What needs to be done: Repeat only the lines below that run from the line with "TDAH: HABLAR CON" to the line with "on this grant.", ends included; skip every picture.

[Start of Attachment]

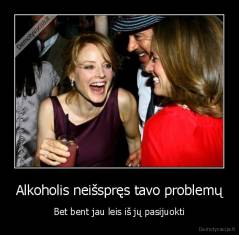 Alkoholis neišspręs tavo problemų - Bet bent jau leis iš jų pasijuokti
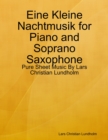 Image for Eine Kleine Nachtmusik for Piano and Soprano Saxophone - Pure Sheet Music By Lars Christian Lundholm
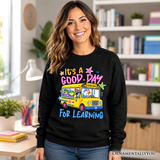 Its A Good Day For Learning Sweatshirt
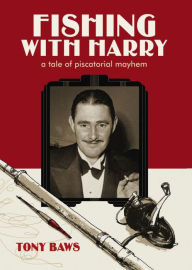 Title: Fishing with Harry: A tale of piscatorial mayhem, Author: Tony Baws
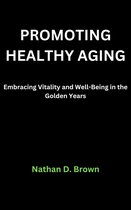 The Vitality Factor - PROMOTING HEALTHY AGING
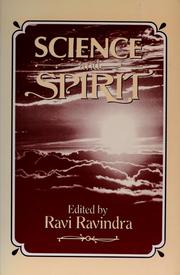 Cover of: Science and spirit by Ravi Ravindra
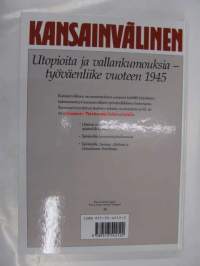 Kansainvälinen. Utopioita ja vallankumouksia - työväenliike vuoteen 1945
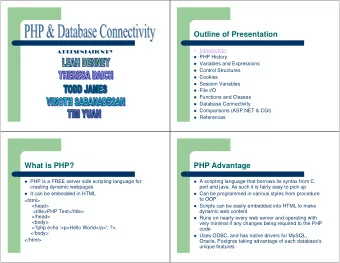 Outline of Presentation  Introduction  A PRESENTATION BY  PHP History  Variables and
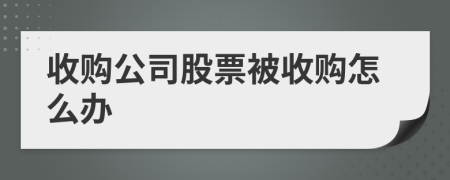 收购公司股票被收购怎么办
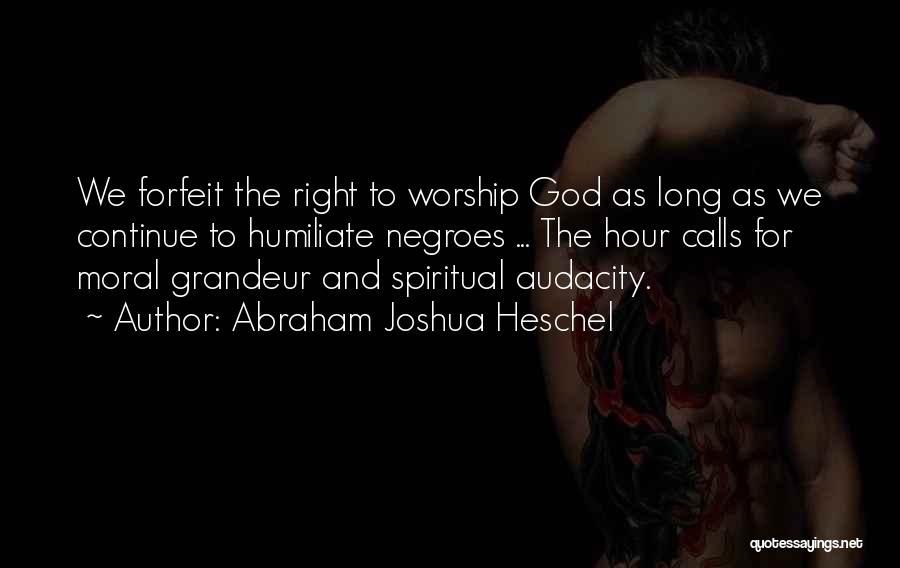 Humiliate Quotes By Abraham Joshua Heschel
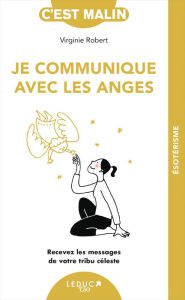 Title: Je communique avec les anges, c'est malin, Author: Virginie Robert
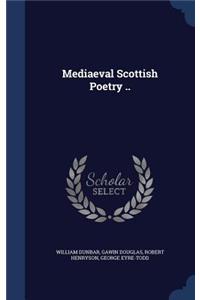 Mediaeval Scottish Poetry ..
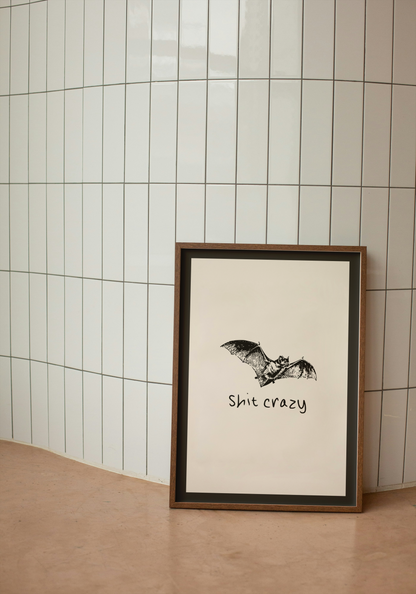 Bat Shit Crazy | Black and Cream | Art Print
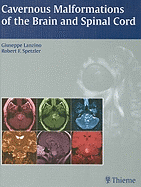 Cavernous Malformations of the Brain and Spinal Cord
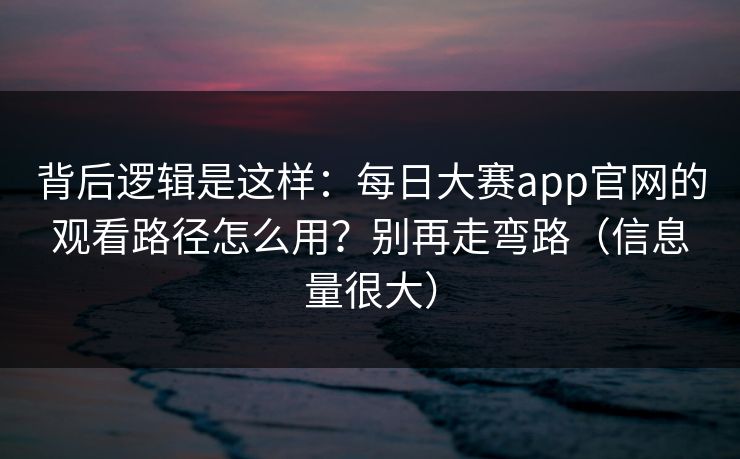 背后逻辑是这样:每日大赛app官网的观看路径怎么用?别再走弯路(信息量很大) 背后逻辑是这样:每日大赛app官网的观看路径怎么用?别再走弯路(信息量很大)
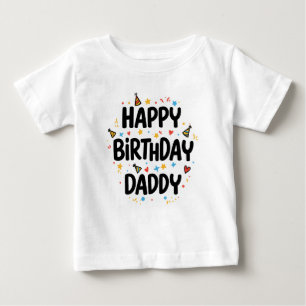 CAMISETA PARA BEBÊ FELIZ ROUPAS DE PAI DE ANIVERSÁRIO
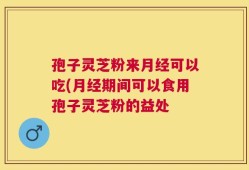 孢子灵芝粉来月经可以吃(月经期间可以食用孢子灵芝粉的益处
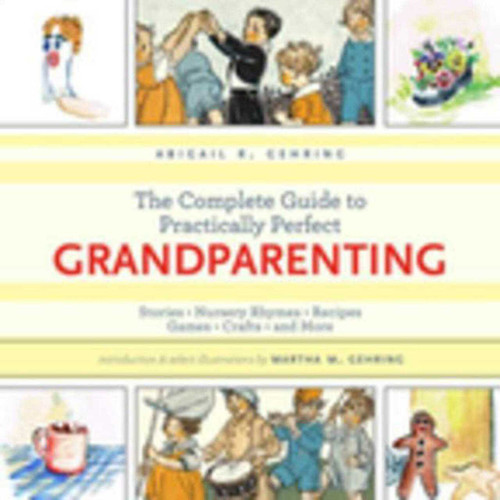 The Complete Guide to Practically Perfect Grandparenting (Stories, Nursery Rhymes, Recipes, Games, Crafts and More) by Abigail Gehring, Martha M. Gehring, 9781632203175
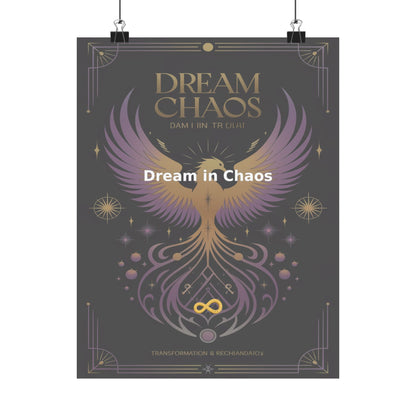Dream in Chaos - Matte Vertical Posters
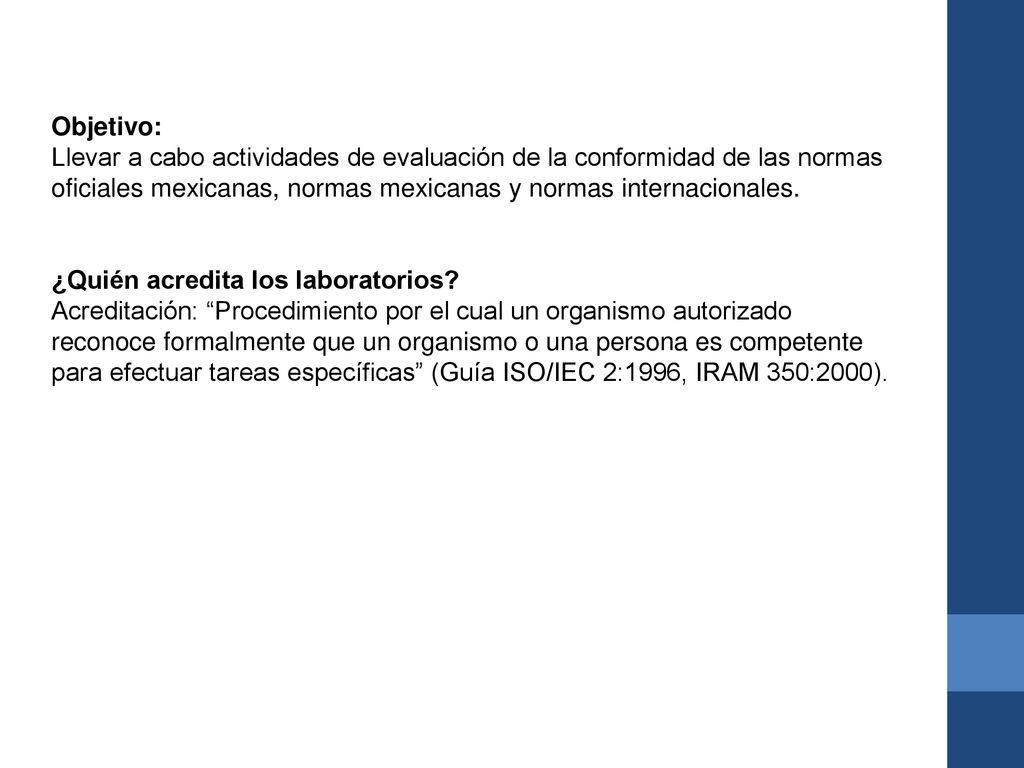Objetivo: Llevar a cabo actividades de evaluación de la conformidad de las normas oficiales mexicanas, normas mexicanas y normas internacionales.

[End of Attachment]
[Start of Attachment]

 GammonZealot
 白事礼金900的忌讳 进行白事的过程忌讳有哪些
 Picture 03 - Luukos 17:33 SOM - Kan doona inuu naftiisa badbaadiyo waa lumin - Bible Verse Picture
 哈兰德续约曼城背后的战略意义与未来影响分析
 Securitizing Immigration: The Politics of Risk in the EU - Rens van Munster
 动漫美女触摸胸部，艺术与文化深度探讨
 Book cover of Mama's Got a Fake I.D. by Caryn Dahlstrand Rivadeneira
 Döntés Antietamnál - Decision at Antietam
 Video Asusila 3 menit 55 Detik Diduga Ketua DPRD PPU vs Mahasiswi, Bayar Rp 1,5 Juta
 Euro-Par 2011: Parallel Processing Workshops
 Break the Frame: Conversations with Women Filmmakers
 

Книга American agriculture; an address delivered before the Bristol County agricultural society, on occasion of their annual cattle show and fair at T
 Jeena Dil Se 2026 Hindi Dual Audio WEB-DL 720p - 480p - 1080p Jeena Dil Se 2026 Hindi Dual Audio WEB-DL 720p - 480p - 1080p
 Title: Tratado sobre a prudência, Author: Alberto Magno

[End of Attachment]
[Start of Attachment]

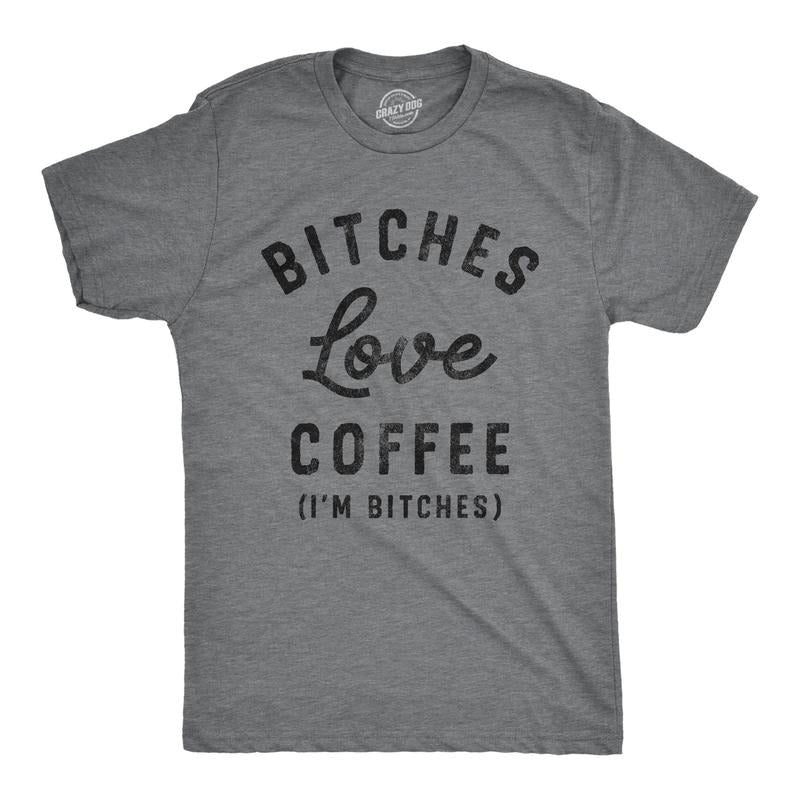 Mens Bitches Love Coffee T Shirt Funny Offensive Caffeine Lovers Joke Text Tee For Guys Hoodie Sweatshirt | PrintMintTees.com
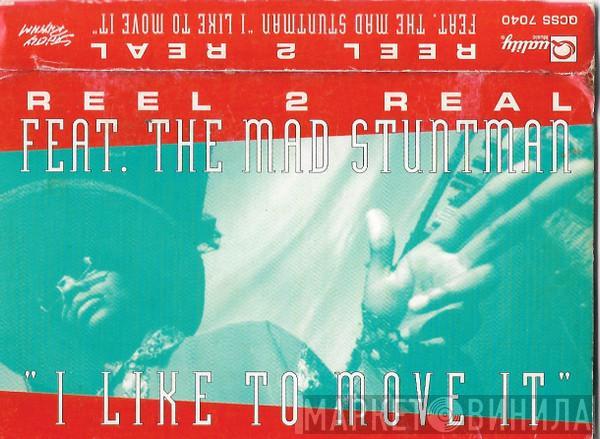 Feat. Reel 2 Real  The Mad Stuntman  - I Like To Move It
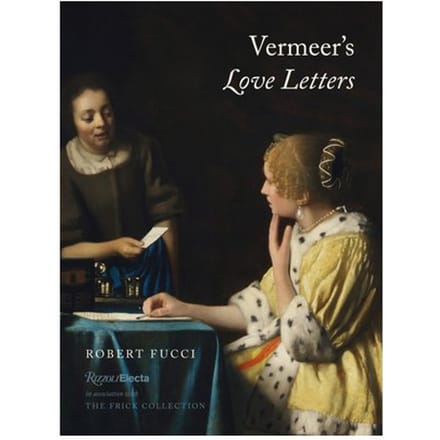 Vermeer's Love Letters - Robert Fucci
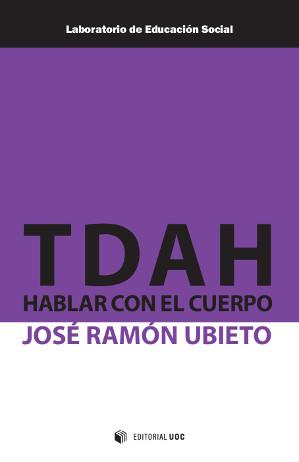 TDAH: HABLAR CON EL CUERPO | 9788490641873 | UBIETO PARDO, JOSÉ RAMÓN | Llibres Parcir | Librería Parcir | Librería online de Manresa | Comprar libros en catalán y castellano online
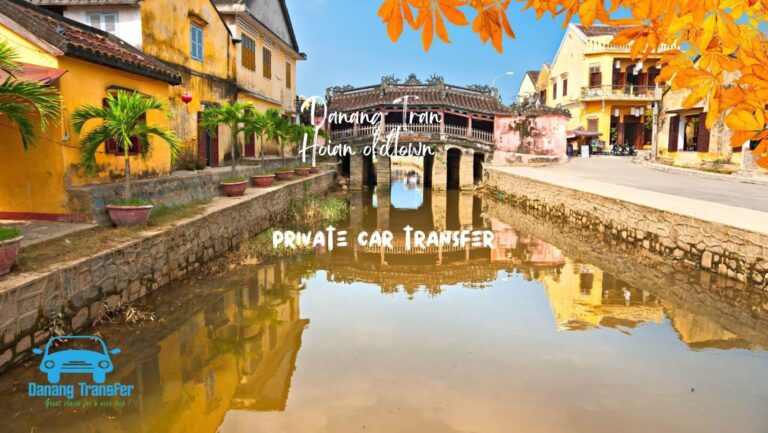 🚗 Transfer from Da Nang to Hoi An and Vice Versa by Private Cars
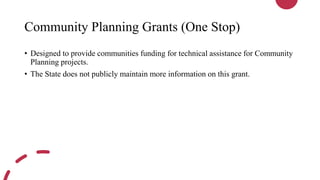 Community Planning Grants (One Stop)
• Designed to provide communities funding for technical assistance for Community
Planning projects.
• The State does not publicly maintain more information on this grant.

[End of Attachment]

Expected output:
 TDAH: HABLAR CON EL CUERPO | 9788490641873 | UBIETO PARDO, JOSÉ RAMÓN | Llibres Parcir | Librería Parcir | Librería online de Manresa | Comprar libros en catalán y castellano online
 🚗 Transfer from Da Nang to Hoi An and Vice Versa by Private Cars
 Community Planning Grants (One Stop)
• Designed to provide communities funding for technical assistance for Community
Planning projects.
• The State does not publicly maintain more information on this grant.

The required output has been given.